Pan: 'We can see the relationship between surface roughness and the presence of microplastics and surfactants'

Researchers from the University of Michigan have made a significant breakthrough in tracking microplastics from space.

By analyzing data from the Cyclone Global Navigation Satellite System (CYGNSS), the team discovered a correlation between the presence of microplastics, tiny flecks that can ride ocean currents hundreds or thousands of miles from their point of entry, and changes in the ocean's surface roughness, according to a February news release from the University of Michigan.

“NOAA, the Plymouth Marine Lab in the U.K. and other organizations are very aware of what we’re doing, but we need to be cautious and fully understand the system’s limitations before putting it into widespread use,” Frederick Bartman Collegiate Professor of Climate and Space Science Chris Ruf said in the release. “These new findings are an important step in that process.”

This finding offers a promising new method for monitoring the movement of microplastics and improving prevention and clean-up efforts, the release said.
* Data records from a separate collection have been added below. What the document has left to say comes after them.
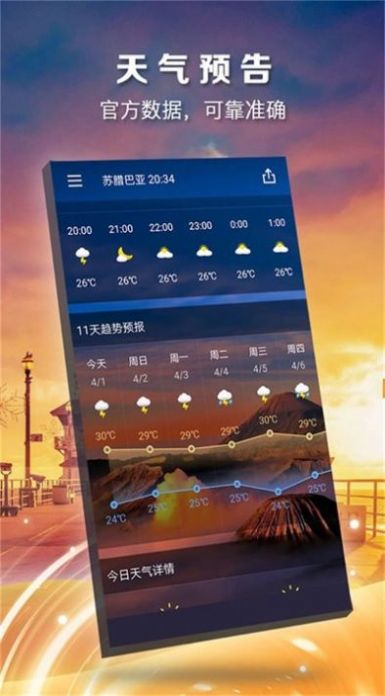 知时天气软件官方版截图2: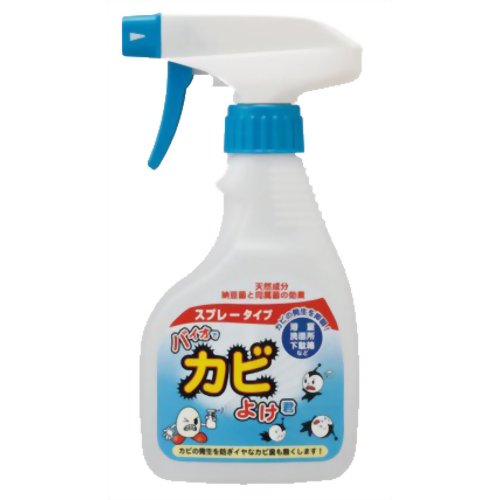 バイオでカビよけ君 スプレータイプ 300ml 【コモライフ】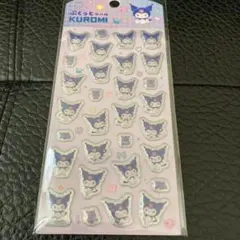 クロミぷくっとシール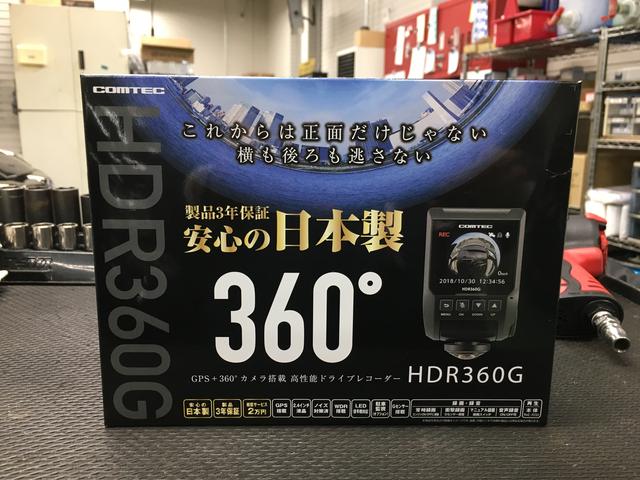 ホンダ　ヴェゼルハイブリッド　ナビ交換　ドラレコ・レーダー取付　ボディコーティング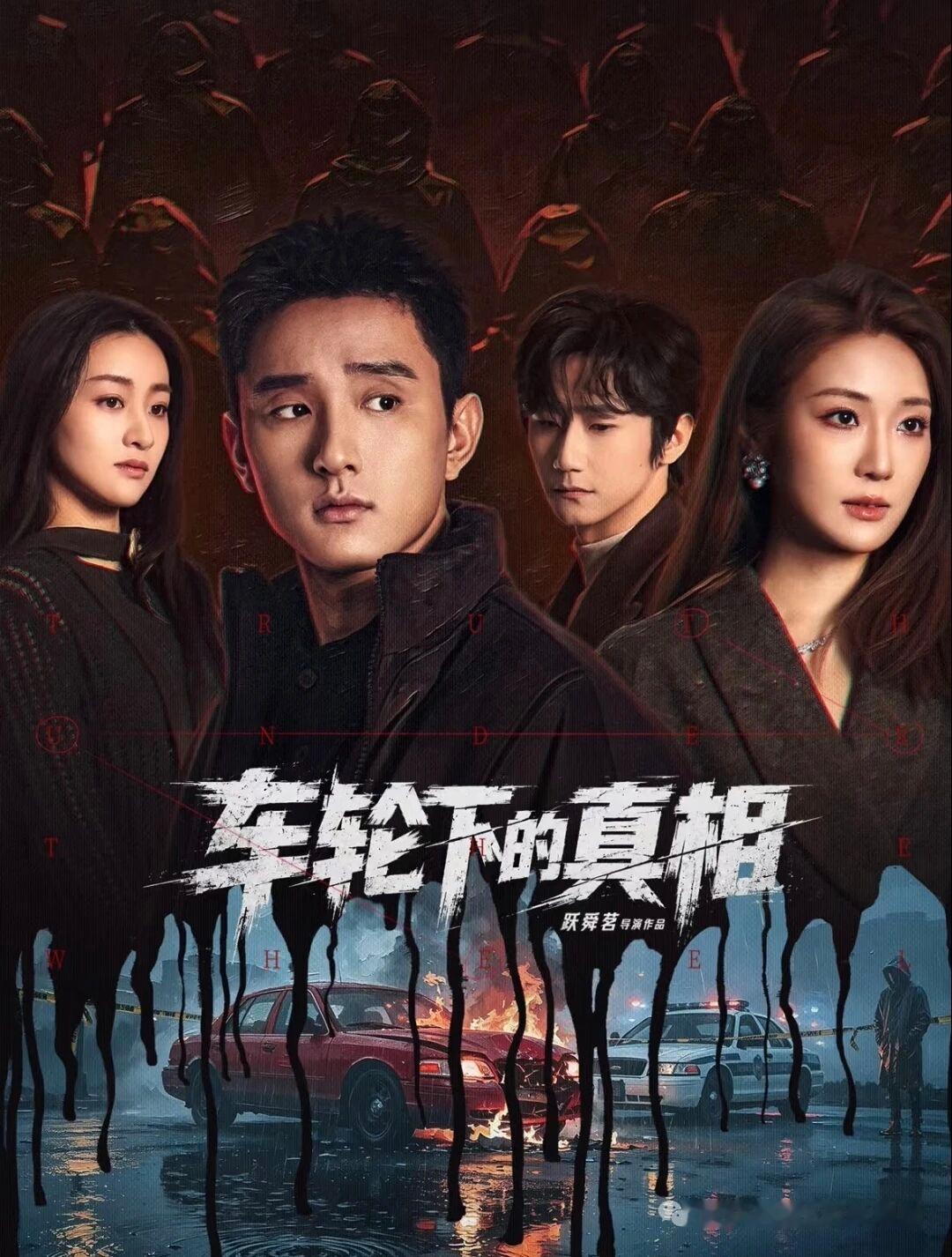 终于等到这部藏着反转的悬疑剧定档了！9月16日爱奇艺独播，于小彤和张可盈领衔主演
The research, published in Scientific Reports, highlights the importance of surfactants, soapy or oily compounds that accompany microplastics, in altering wave activity. 
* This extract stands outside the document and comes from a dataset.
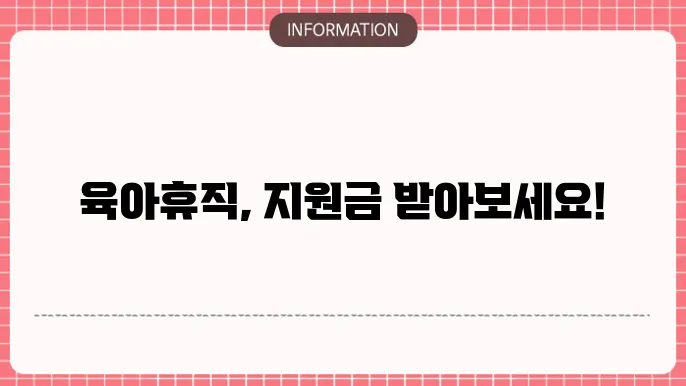 육아휴직 대쳋4인력지원금 신청방법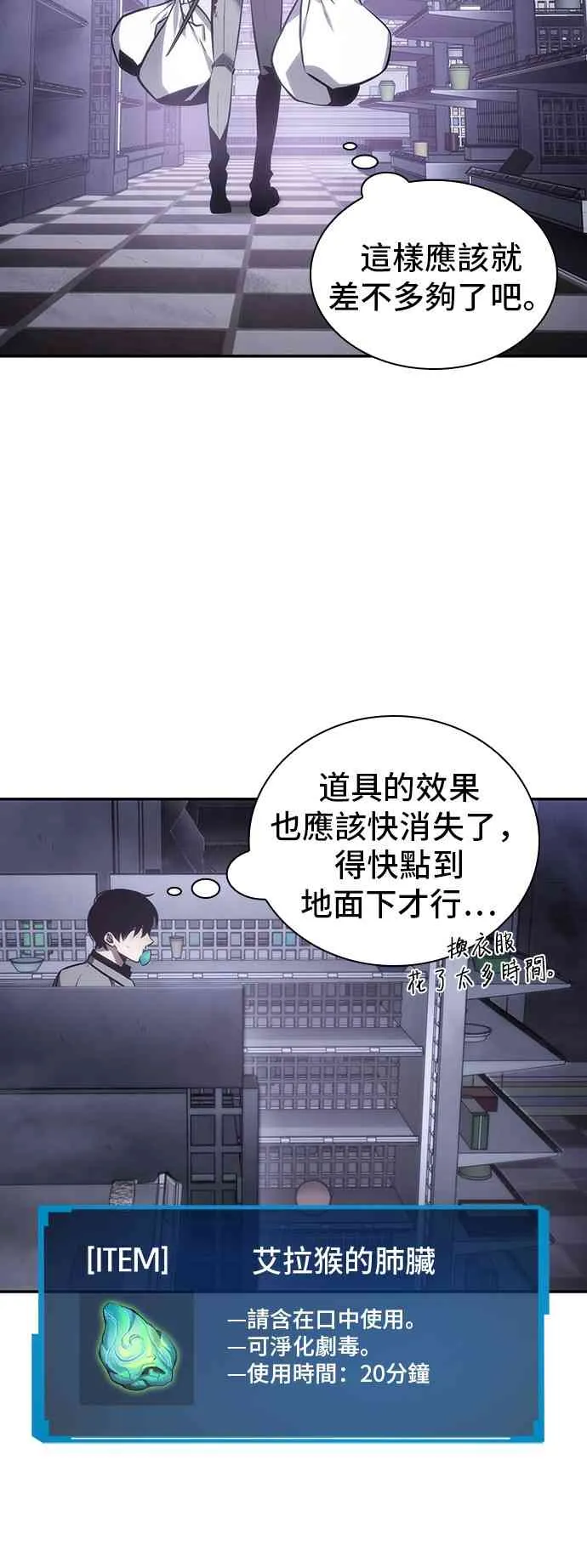 16话 第8页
Further exploration of this relationship will provide valuable insights into the interaction between microplastics, surfactants and the ocean environment, according to the release.

Reportedly, satellites are best at spotting soapy or oily residue, and microplastics appear to tag along with that residue, the release said. Microplastics can harm sea life and marine ecosystems, and they’re extremely difficult to track and clean up. 
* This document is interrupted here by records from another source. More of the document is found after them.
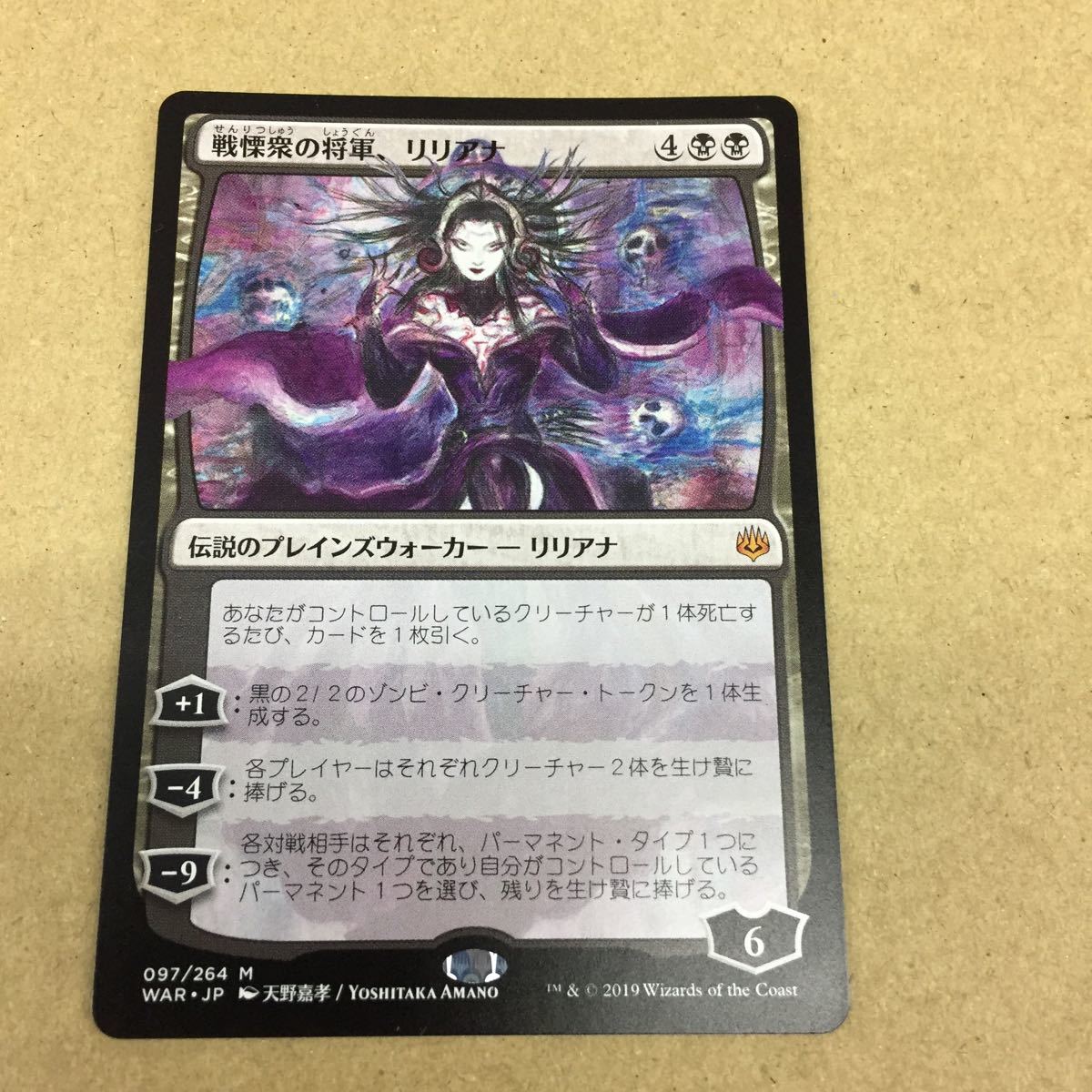 即決☆未使用☆MTG マジックザギャザリング 黒 戦慄衆の将軍、リリアナ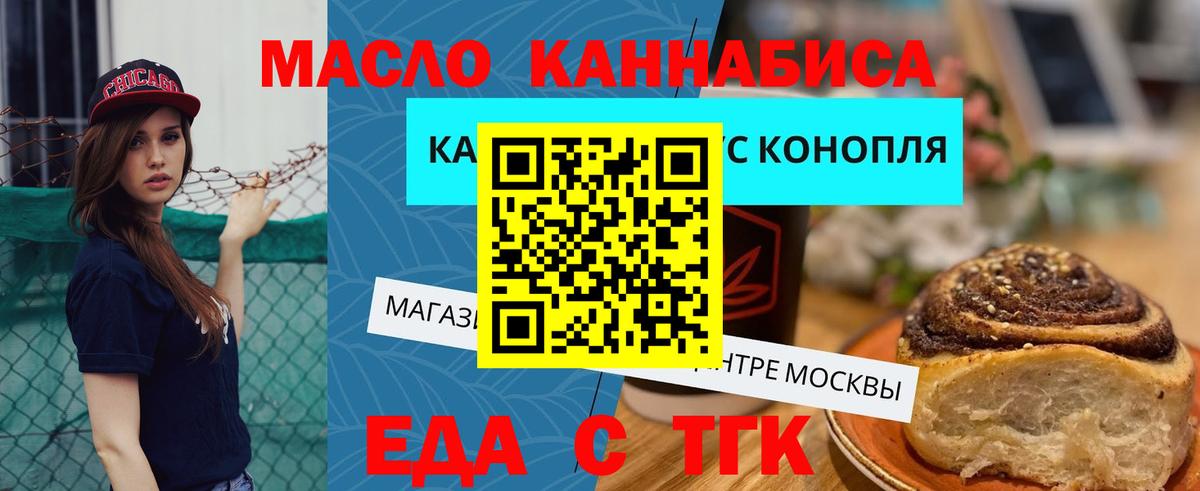 Сланцы  Еда ТГК марихуана  Вход с VPN 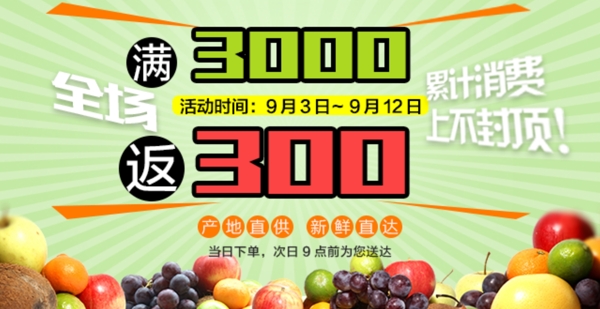 满300送300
However, a 2021 discovery raised the hope satellites could offer day-by-day timelines of where microplastics enter the water, how they move and where they tend to collect, for prevention and clean-up efforts, according to the release.

The team noticed that data recorded by CYGNSS, showed less surface roughness — fewer and smaller waves — in areas of the ocean that contain microplastics, compared to clean areas, the release said. 

In preliminary testing, they used the technique to spot suspected microplastic releases at the mouth of China’s Yangtze River and to identify seasonal variations in the Great Pacific Garbage patch, a convergence zone in the North Pacific Ocean where microplastic collect in massive quantities, the release reported. But until now, the team was unsure about the nature of the relationship between microplastics and surface roughness. 

A newly published study in Scientific Reports shows the anomalies in wave activity are caused not by the plastics themselves, but by surfactants — soapy or oily compounds that are often released along with microplastics and that travel and collect in similar ways once they’re in the water, the release said. The research team, which also included former naval architecture and engineering graduate researchers Yukun Sun and Thomas Bakker, gathered the data at U-M’s Aaron Friedman Marine Hydrodynamics Lab. 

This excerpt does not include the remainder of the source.